As Gravediggaz gained prominence, we began to see more mainstream artists take influence from the horrorcore genre: Kool Keith in his Dr Octagon guise recording a surreal concept album about a ghoulish doctor-turned-murderer, and an early-career Eminem describing himself as "a mixture between [Marilyn] Manson, Esham and Ozzy [Osbourne]" on his 1999 debut The Slim Shady LP. Elsewhere, Insane Clown Posse took a more cartoonish route, gaining scores of fans (or Juggalos, as they’re proudly known) with their killer-clown aesthetic and supernatural-inspired lyrics that centre around the Dark Carnival, a self-mythologised limbo where lives are judged before passing into the after-life.

After laying low for most of the following decade (in 2007, Rolling Stone labelled horrorcore as a "short-lived trend, which generated more schlock than shock"), macabre themes returned to rap around the turn of the 2010s, with Tyler, the Creator’s early mixtapes and the witch house genre, which saw acts like Salem and Pictureplane mixing occult themes with hazy, chopped-and-screwed trap beats. Even Kanye West took inspiration from classic horror imagery for 2010’s posse-cut Monster, with a video that included zombies, corpses, Nicki Minaj dressed as a vampire and Rick Ross triumphantly rapping "I’m a monster, no good blood sucker" - the latter lyric operating as a sort of badge of honour response to the vilification of rap stars in the press.

A golden age of macabre rap?

Horror-inspired rap is now once again finding prominence. There’s the dark nihilism of US rappers such as Lil Uzi Vert, who regularly cites Marilyn Manson as a major influence and plays freely with Satanic symbolism. He has in the process angering both Christian critics and Migos' Offset, who clashed heads with Lil Uzi last year after the Philadelphia wore a necklace depicting an upside-down cross). The video for Uzi’s 2017 breakthrough single XO Tour Llif3 also paid extensive homage to horror movie and slasher flicks, with graveyard scenes and baths full of blood shot by Blair Witch Project-like handheld cameras.

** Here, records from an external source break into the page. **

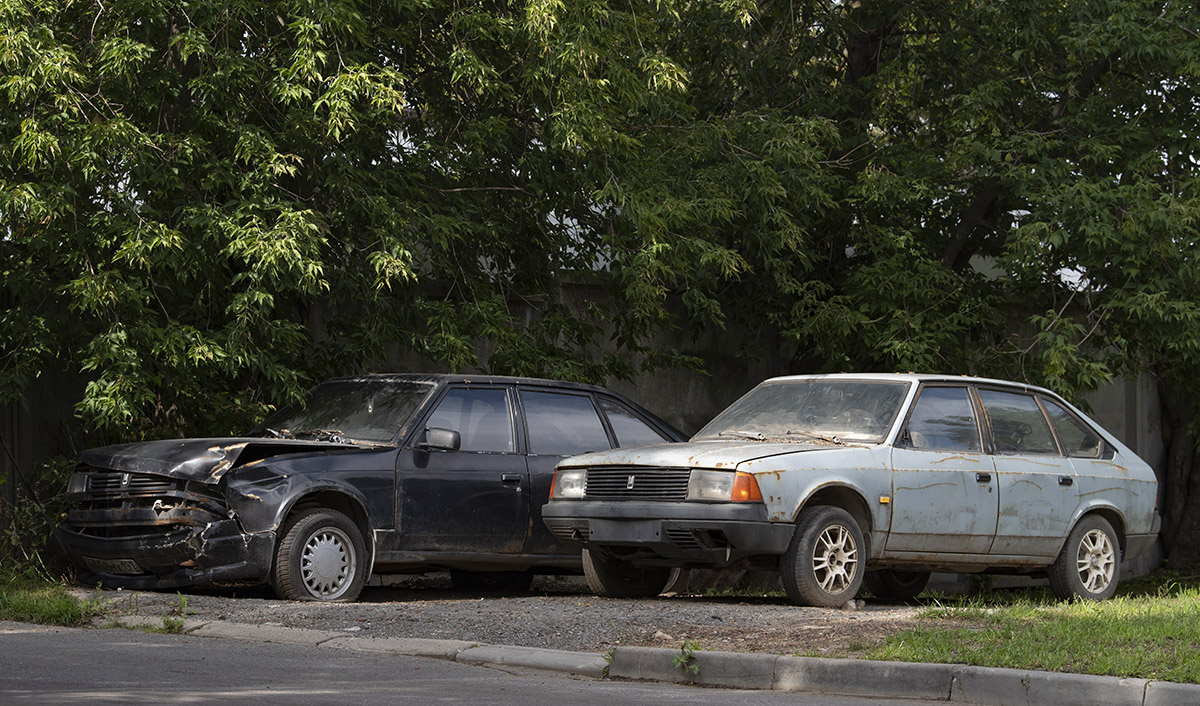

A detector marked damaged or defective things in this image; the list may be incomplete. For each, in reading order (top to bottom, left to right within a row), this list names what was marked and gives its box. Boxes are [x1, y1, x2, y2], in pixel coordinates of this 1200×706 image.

wrecked black sedan [56, 374, 680, 600]
abandoned hatchback [56, 372, 684, 596]
rusted car body [58, 372, 684, 596]
crushed front bumper [540, 498, 792, 564]
rusted car body [544, 374, 1160, 604]
abandoned hatchback [544, 374, 1160, 604] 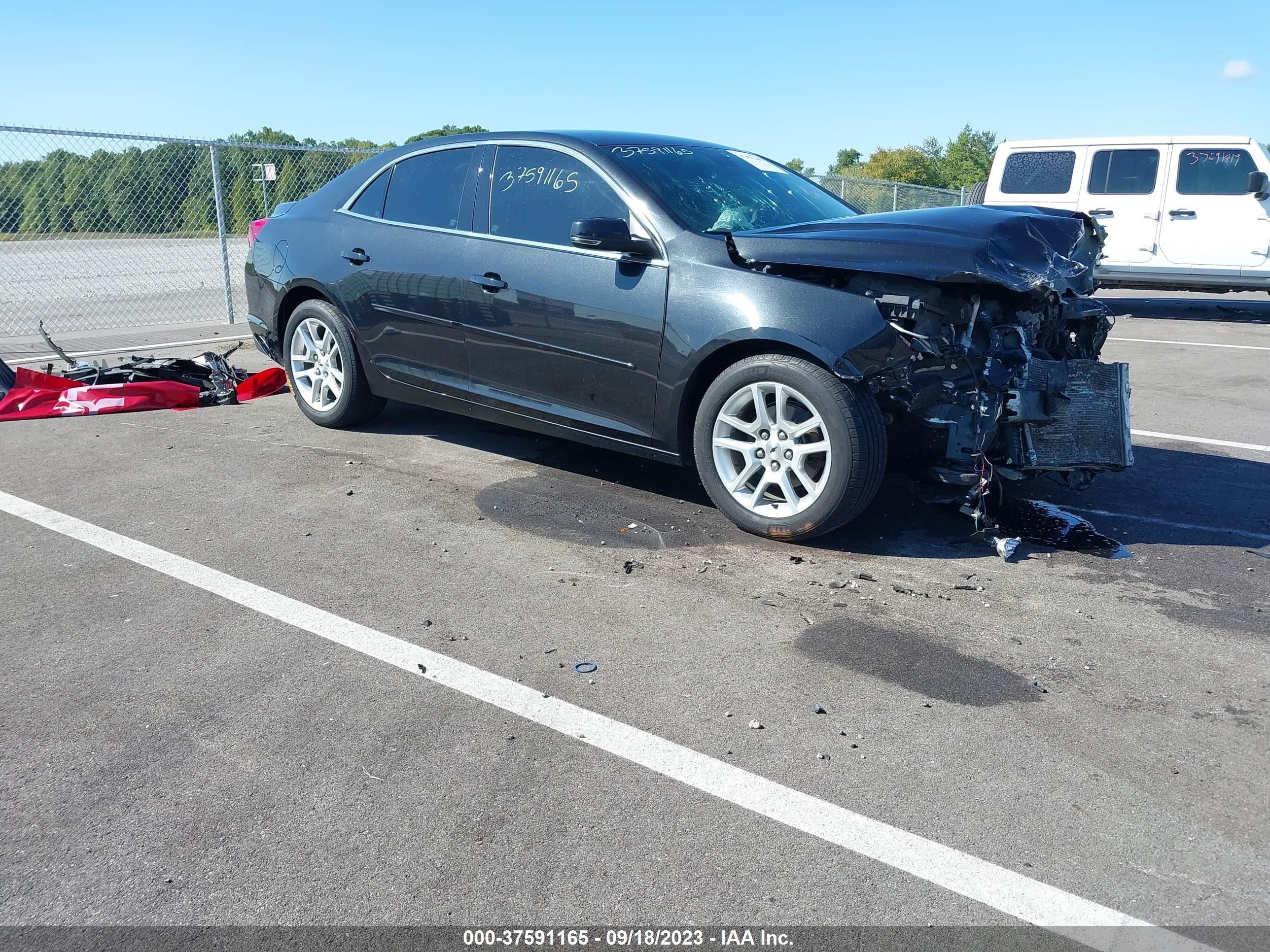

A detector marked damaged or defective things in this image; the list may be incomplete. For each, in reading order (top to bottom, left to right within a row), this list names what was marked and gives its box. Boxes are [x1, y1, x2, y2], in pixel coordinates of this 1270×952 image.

crumpled hood [731, 205, 1107, 298]
torn fender [731, 205, 1107, 298]
damaged black sedan [247, 131, 1132, 541] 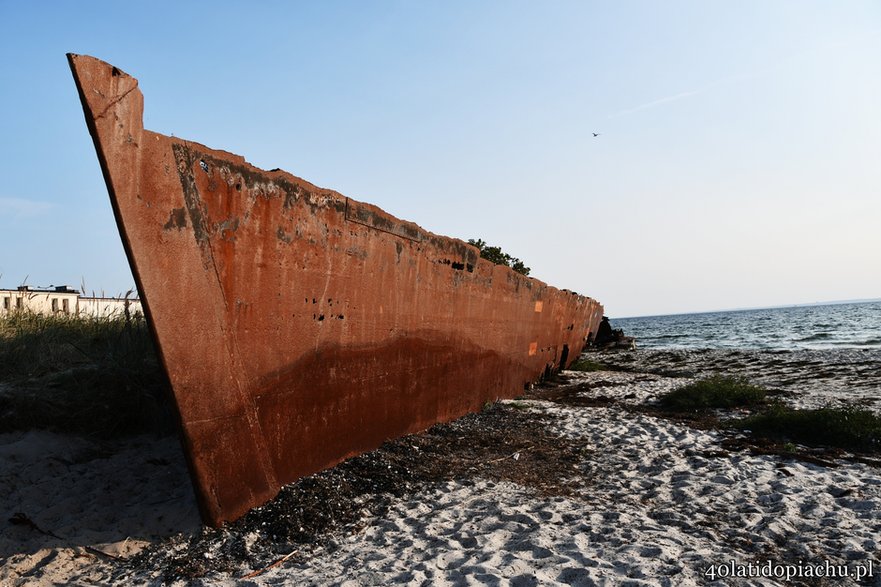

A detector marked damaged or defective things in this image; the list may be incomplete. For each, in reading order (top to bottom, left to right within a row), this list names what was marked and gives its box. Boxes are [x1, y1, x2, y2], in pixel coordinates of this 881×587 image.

rust streak on hull [69, 52, 604, 524]
rusty shipwreck hull [69, 54, 604, 524]
rusted steel hull plating [69, 54, 604, 524]
corroded metal surface [69, 54, 604, 524] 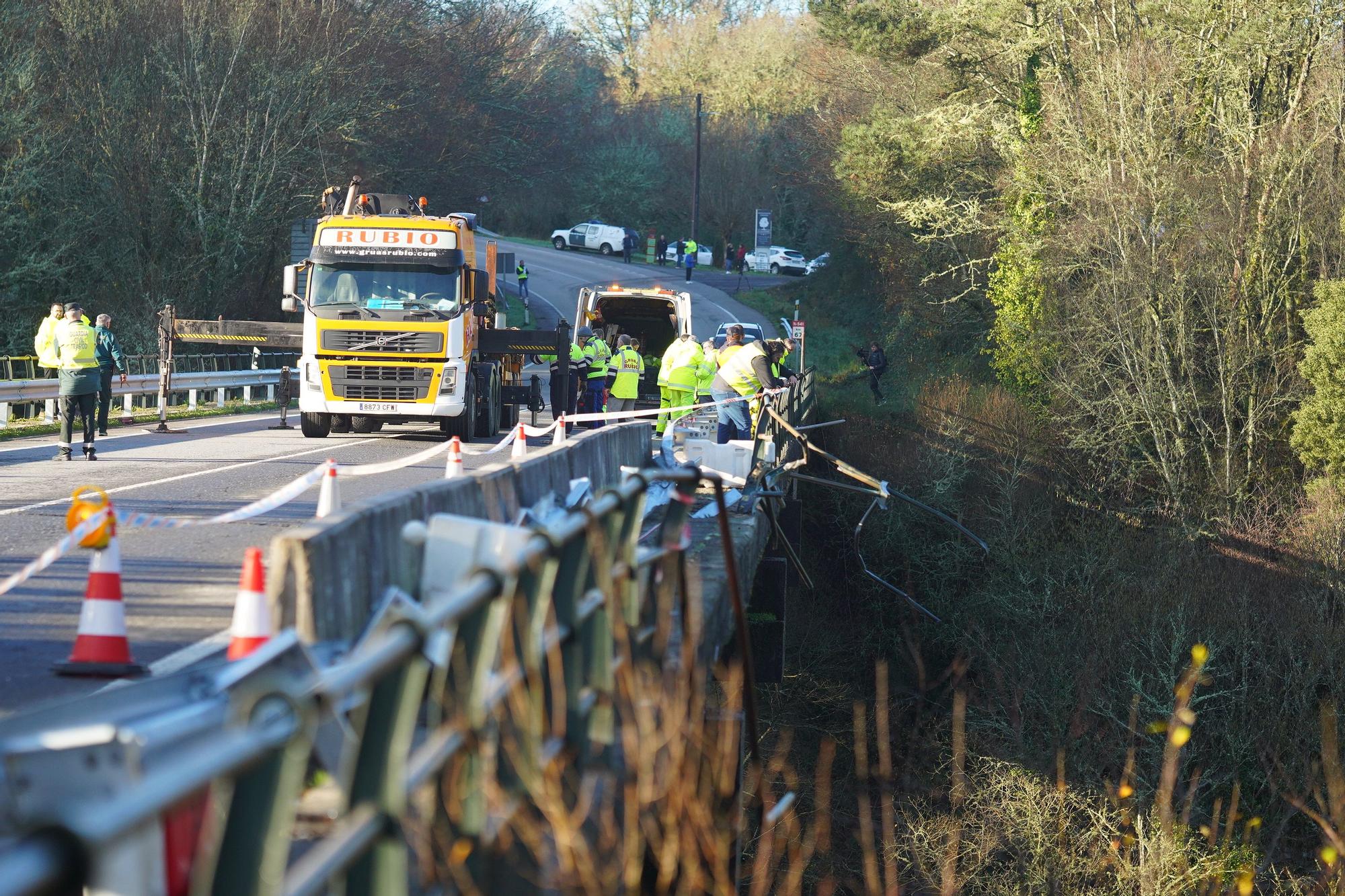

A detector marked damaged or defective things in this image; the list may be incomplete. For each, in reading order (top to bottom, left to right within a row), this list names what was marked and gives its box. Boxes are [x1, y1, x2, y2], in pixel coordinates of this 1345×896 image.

bent metal railing [0, 462, 748, 893] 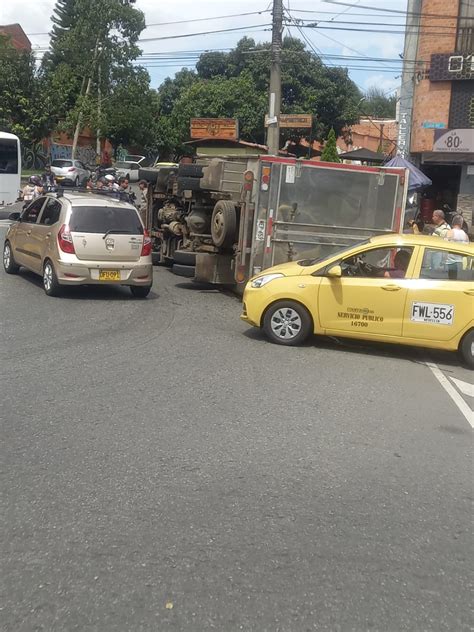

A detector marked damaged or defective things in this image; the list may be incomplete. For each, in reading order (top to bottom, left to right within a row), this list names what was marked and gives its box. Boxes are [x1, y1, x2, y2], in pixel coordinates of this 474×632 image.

overturned truck [139, 154, 410, 290] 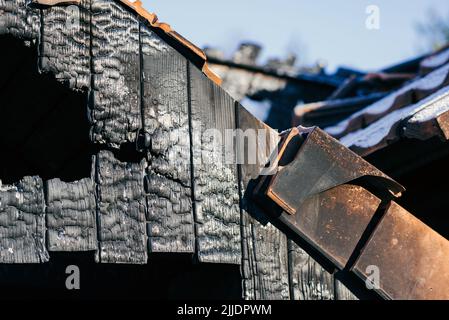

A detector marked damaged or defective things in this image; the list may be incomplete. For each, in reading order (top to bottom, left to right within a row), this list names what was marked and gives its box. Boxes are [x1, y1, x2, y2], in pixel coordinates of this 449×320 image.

burnt wooden beam [40, 0, 91, 89]
burnt wooden beam [90, 0, 141, 148]
burnt wooden beam [0, 178, 48, 262]
burnt wooden beam [45, 176, 96, 251]
burnt wooden beam [94, 151, 147, 264]
burnt wooden beam [140, 22, 194, 254]
burnt wooden beam [189, 63, 242, 264]
corroded metal bracket [254, 126, 404, 268]
burnt wooden beam [352, 202, 449, 300] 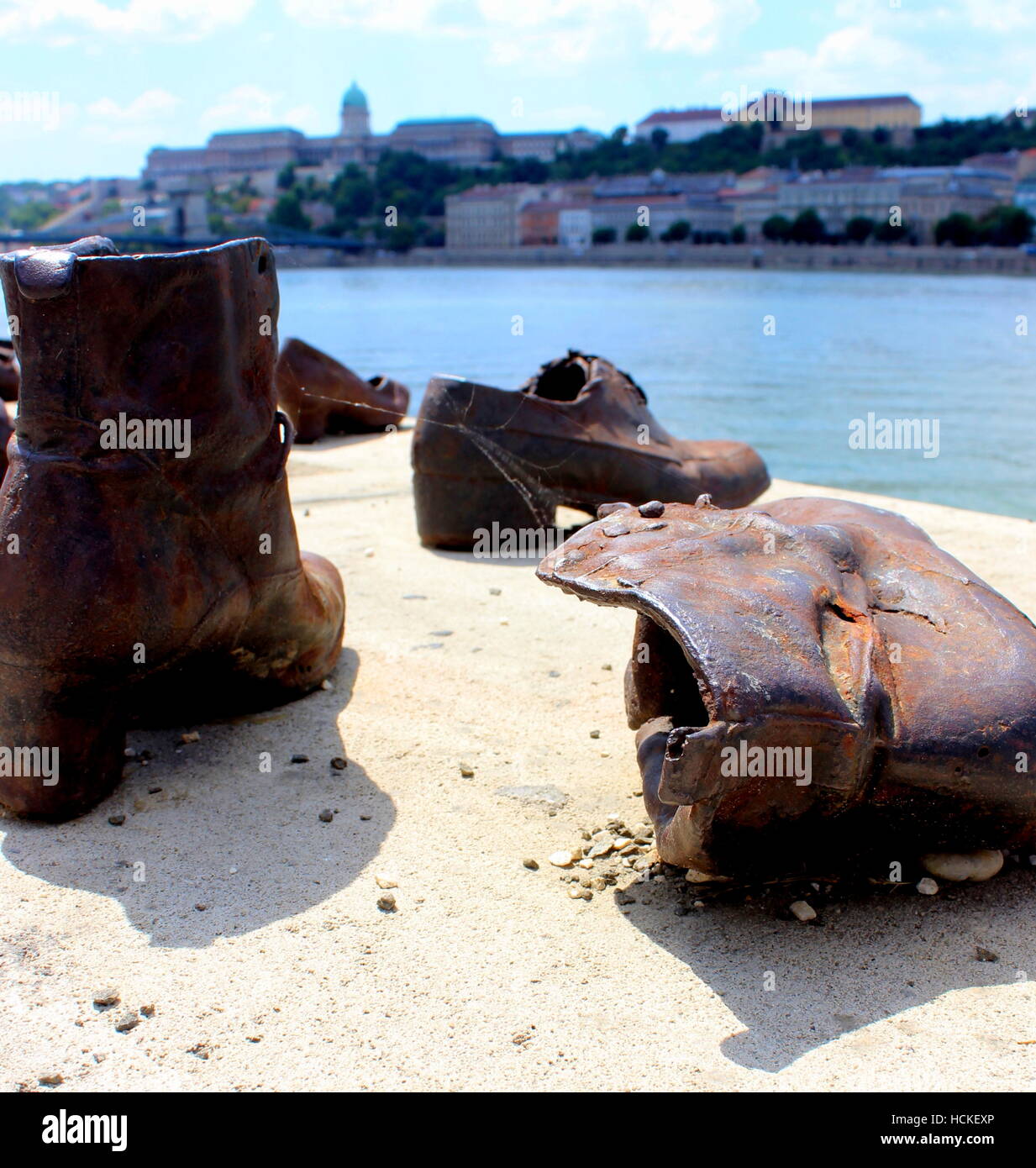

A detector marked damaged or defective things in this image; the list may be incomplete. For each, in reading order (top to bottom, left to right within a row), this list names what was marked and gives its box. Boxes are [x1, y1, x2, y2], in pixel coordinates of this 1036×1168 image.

But Lil Uzi is just the tip of a growing iceberg of rappers draping themselves in gothic imagery that draws on everything from survival horror games, such as Resident Evil, to dark fantasy anime, and modern horror movies. You have Denzel Curry, whose Clout Cobain video depicts a twisted circus, and New Orleans' $uicideboy$, a group whose lyrics are full of references to cults, violence and death. In the UK, we’ve seen artists coming through like Scarlxrd, who combines the aesthetics of anime and horror with skull-crushing bass, not to mention his song named after modern dystopian horror classic The Purge, as well as London newcomer Ali3nhead, who splices his unsettling trap ballads with explosions of energy that pounce like slasher-flick jump scares.

But what attracts hip hop to horror?

It makes sense that the worlds of hip hop and horror should collide so often. Rap, much like horror movies, is a genre often comprised of amped-up entertainment and larger-than-life personas. But it goes deeper than that too. Hip hop is historically a genre born out of hardship and the violence and suffering abound in horror often provides a perfect analogy - and catharsis - for real-life turmoil and trauma. It’s little surprise that morbid iconography and themes of death and decay have informed the music and lyrics of many.

When Uzi Vert sings "all my friends are dead" on XO Tour Llif3, it perhaps has more in common with the introspection of 80s indie-goth icons such as Bauhaus and The Cure than it does with the shock-horror of the likes of ICP. Instead, it's representative of a new generation using morbid themes to explore real-life horrors.